Open yoyoleeisstrong opened 3 years ago

yoyoleeisstrong commented 3 years ago

I tried very hard to implement MELM. I reinstalled my CUDA and Pytorch, and solved tons of bugs since this code could never work out on Pytorch 1.0 even I read the tutorial and issues many times. Finally, this github code was successfully executed on Pytorch 0.4.0. However, the pretrained weight gave a really worse performance. Since this repository borrows a lot of codes from another Fast-RCNN repository, it's really hard to understand the code. If someone ever successfully reproduced the mAP 0.45 on VOC data, I'll appreciate it if you would like to share some experience. If the author can make this code easier to understand, I'll appreciate it deeply too.

vasgaowei commented 3 years ago

The number of Region Proposals used in training can affect the detection performance. So you may try adjust the number of proposals.
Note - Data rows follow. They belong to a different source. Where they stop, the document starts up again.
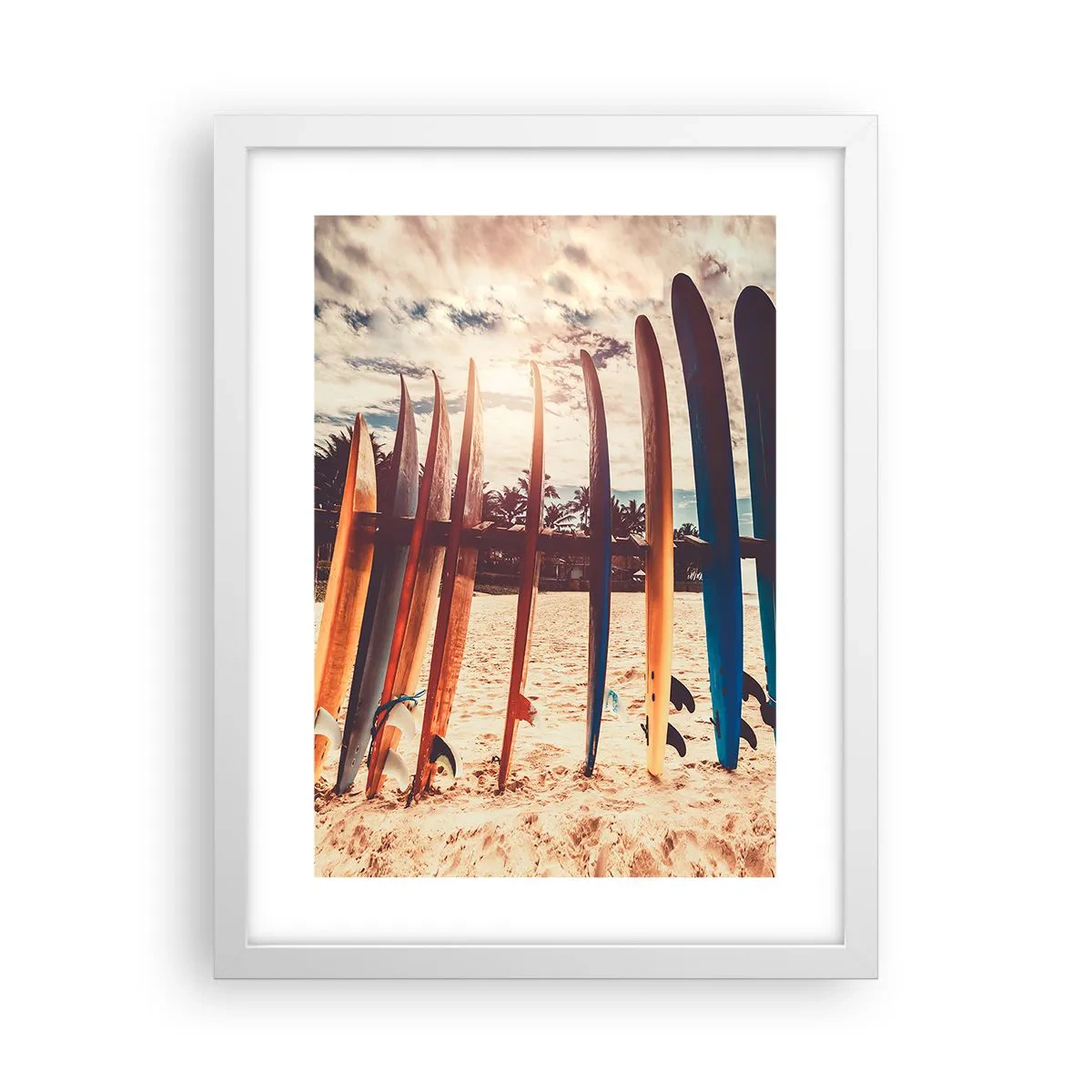 Plakát v bílém rámu - Dobrou noc, nashle zítra. - 30x40 cm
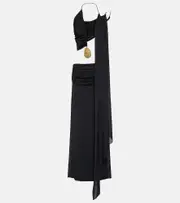 [Christopher Esber] Christopher Esber Embellished jersey maxi dress AU 14 black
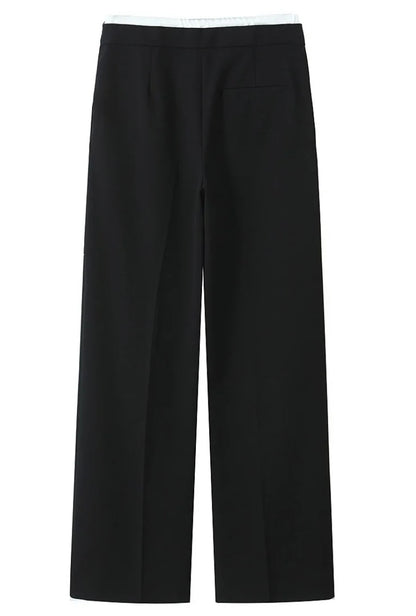 Bleach Proof, 
Double-Waisted Trouser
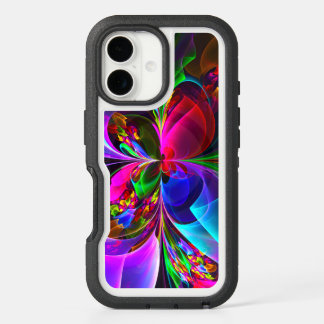 Modern Floral Abstract Art Red Blue Pattern #12 iPhone 16 Case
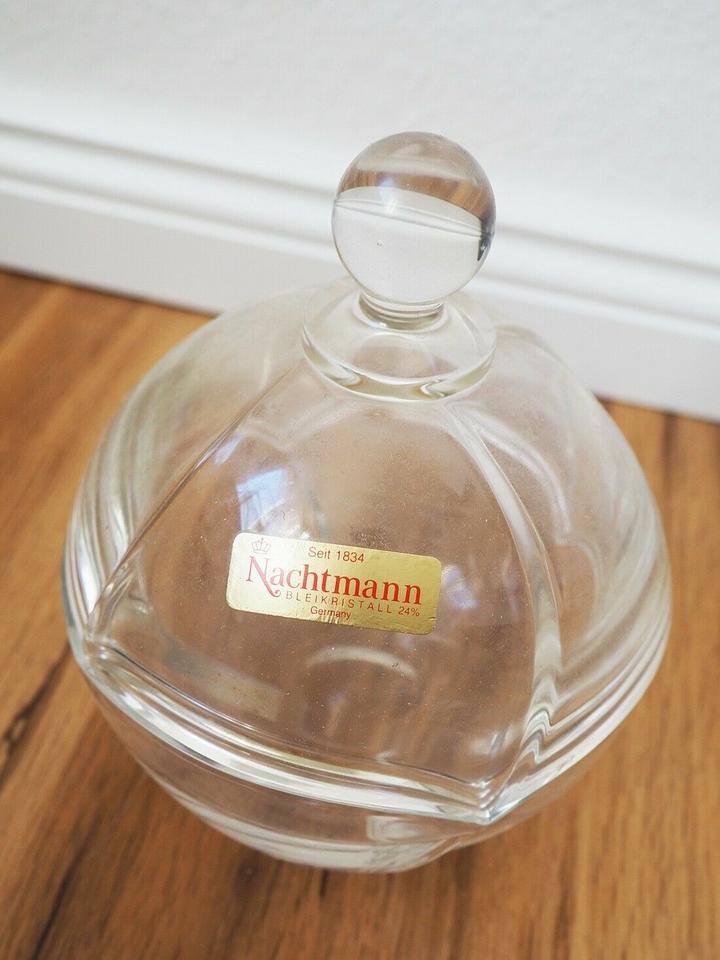 Original Nachtmann Venus Bleikristall Glas Schale mit Deckel in Sulingen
It can be done by modifying the code in network.py as in issue #20

yoyoleeisstrong commented 3 years ago

The current runnable version is highly dependent on PyTorch 0.4.0, but many files need to be compiled by the FFI library. But in the later version of PyTorch, this FFI library has been removed, is there an alternative to compile the following files: RoiPooling RoiRingpooling RoIAlign NMS

This four modules relies on FFI that was deprecated in pytorch 1.0 and later.

vasgaowei commented 3 years ago

I will write a README.md file for pytorch1.0 branch later. The operations you mentioned RoiRingpooling, RoIAlign, NMS are moved to ops folder. And before importing these modules, you should complie the files first by running the following code:

  • cd lib

  • bash make_cuda.sh

Type in bash make.sh won't compile the corresponding files in pytorch1.0 branch. I will delete maks.sh file in pytorch1.0 branch and make a statement in README.md file.